Today, I had occasion to delete an elasticsearch index and restore it from a snapshot. Normally this is a straightforward process, but this particular cluster has been in a yellow state for a while because all of its nodes are up against the low-disk watermark and many of its replica shards are thus sitting unallocated. We’re working on a fix for that, but in the meantime I needed to restore a small index urgently.
I only discovered this would be a problem after I tried and failed to restore the snapshot. I figured that a small index should be able to slip between the cracks, especially if I had deleted something of a similar size immediately beforehand. But the shard allocator had other ideas, and all the restored shards (both primary and replica) went straight into an unallocated state and sat there unblinking.
I found some old indexes that I could safely delete to free up a little space, but the shard allocator started work on the long-pending replica shards rather than the (surely more important!) primaries of my fresh restore. Even after setting the index priority to 1000 on the restored index, it still preferred to allocate old replicas.
I ended up forcing the allocation by hand, after combining the techniques here, here and here. The trick is to get a list of the shard numbers for the offending index and call the command “allocate_empty_primary” on each, which forces them into an allocated (but empty) state. Once they are allocated, we can then retry the restore from snapshot.

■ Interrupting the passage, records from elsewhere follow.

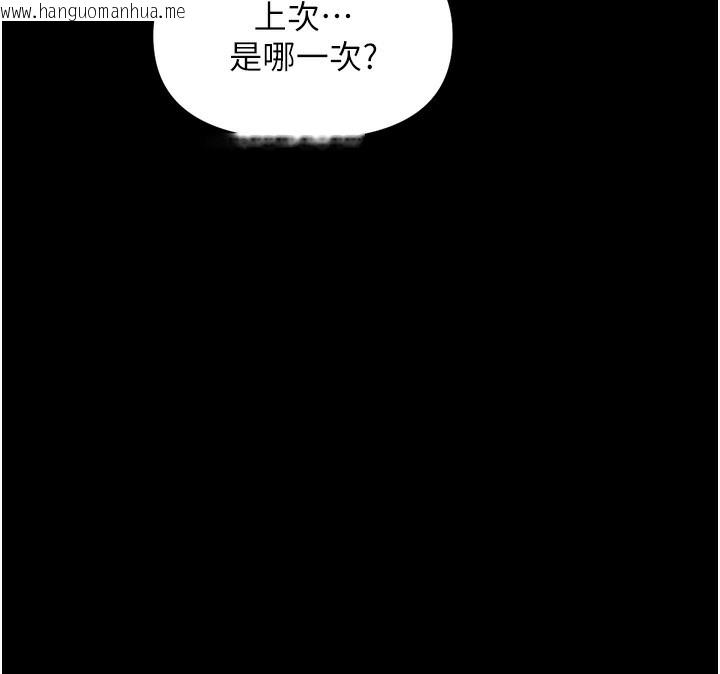 韩国漫画鲁蛇社畜的金手指韩漫_鲁蛇社畜的金手指-第23话-妳能给我什么好处?在线免费阅读-韩国漫画-第102张图片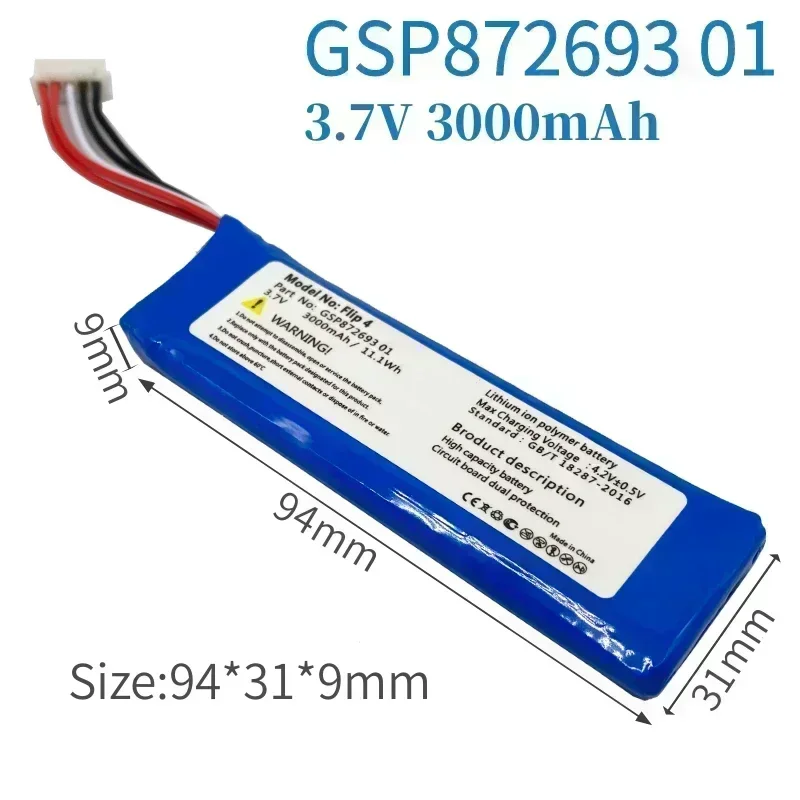 Premium GSP872693 01 3.7V 3000mAh Rechargeable Lithium Polymer Battery - Suited for JBL Flip 4 Special Edition Bluetooth Speaker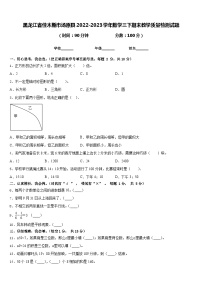 30，黑龙江省佳木斯市汤原县2022-2023学年三年级下学期期末教学质量检测数学试题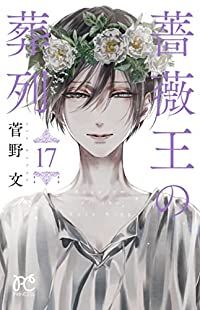 薔薇王の葬列 全巻（1-17巻セット・完結）菅野文【1週間以内発送】 - 特売激安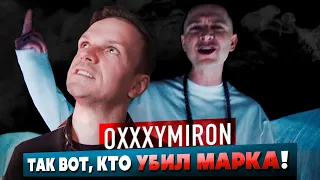 OXXXYMIRON СЛИЛ САМ СЕБЯ. ДЕКОДИНГ OXXXYMIRON — КТО УБИЛ МАРКА?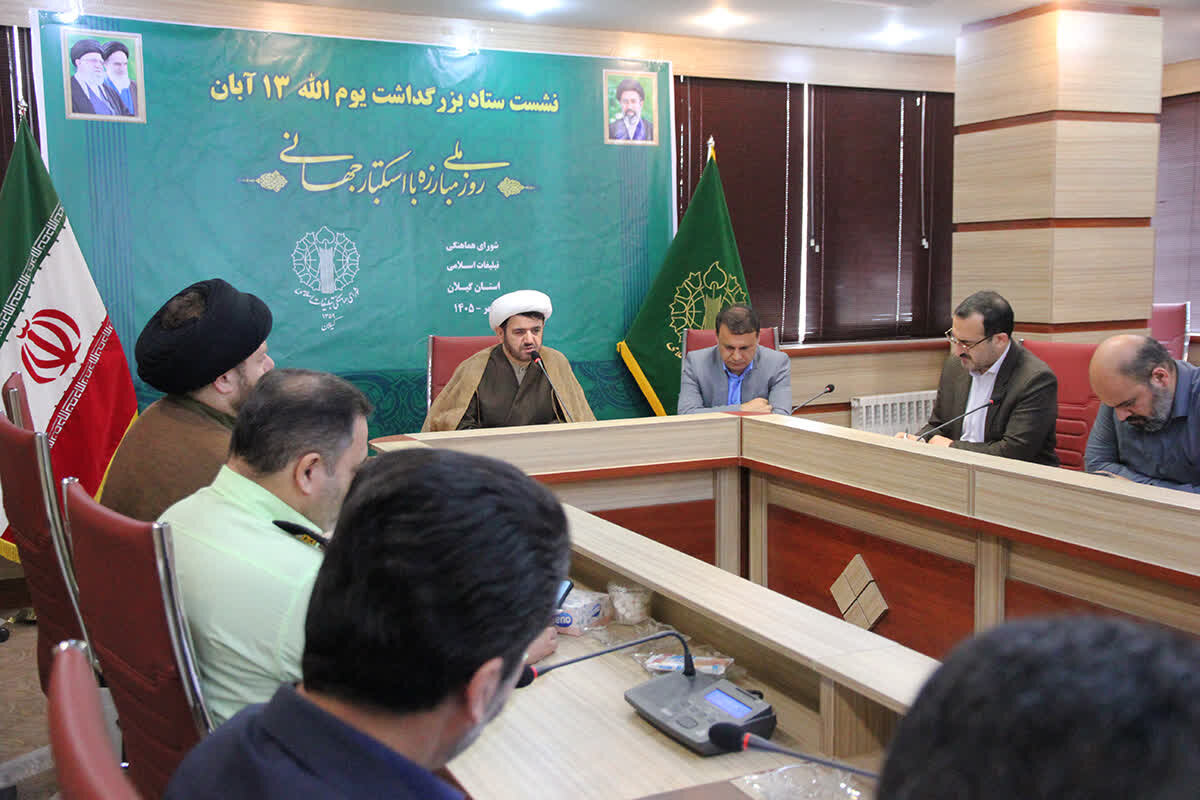 راهپیمایی ۱۳ آبان در گیلان با صبغه فاطمی برگزار می‌شود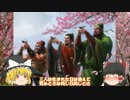 【ゆっくり】ゆ魔語り　第2話「桃園結義」　【三国志解説】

Defining BAD_INDEX and TARGET_NODE appropriately, we incant:
curl -q -s "http://localhost:9200/_cat/shards" | egrep "$BAD_INDEX" | \ while read index shard type state; do if [ $type = "p" ]; then curl -X POST "http://localhost:9200/_cluster/reroute" -d "{commands\" : [ { \"allocate_empty_primary\": { \"index\": \"$index\", \"shard\": $shard, \"node\": \"$TARGET_NODE\", \"accept_data_loss\": true } } ] }" fi done
This produced an ungodly amount of output, as the shard allocator proceeded to restructure its entire work queue. But the offending index had indeed been allocated with a higher priority than the old replicas, and a repeat attempt at restoring from snapshot worked.